Dataset items:
*** Begin section ***

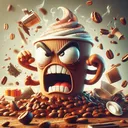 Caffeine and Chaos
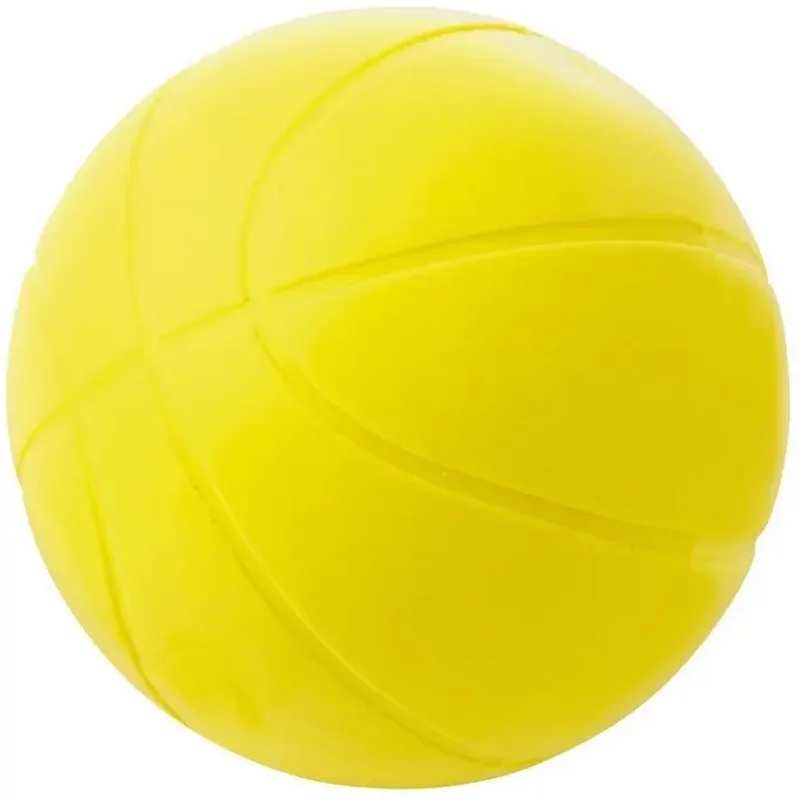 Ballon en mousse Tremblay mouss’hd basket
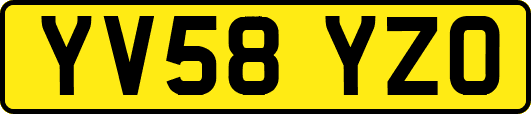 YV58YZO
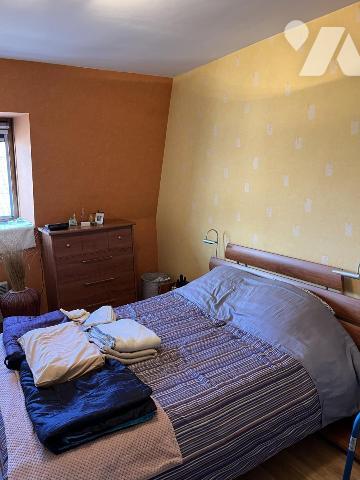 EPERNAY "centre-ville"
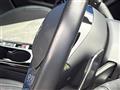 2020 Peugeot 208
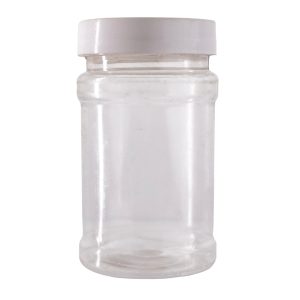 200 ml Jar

*** End section ***

ACTION ITEM:
Could you output every record above exactly as it appears, without the pictures?

ANSWER BELOW:
 Caffeine and Chaos
 Ballon en mousse Tremblay mouss’hd basket
 YV58YZO
 EPERNAY "centre-ville"
 2020 Peugeot 208
 200 ml Jar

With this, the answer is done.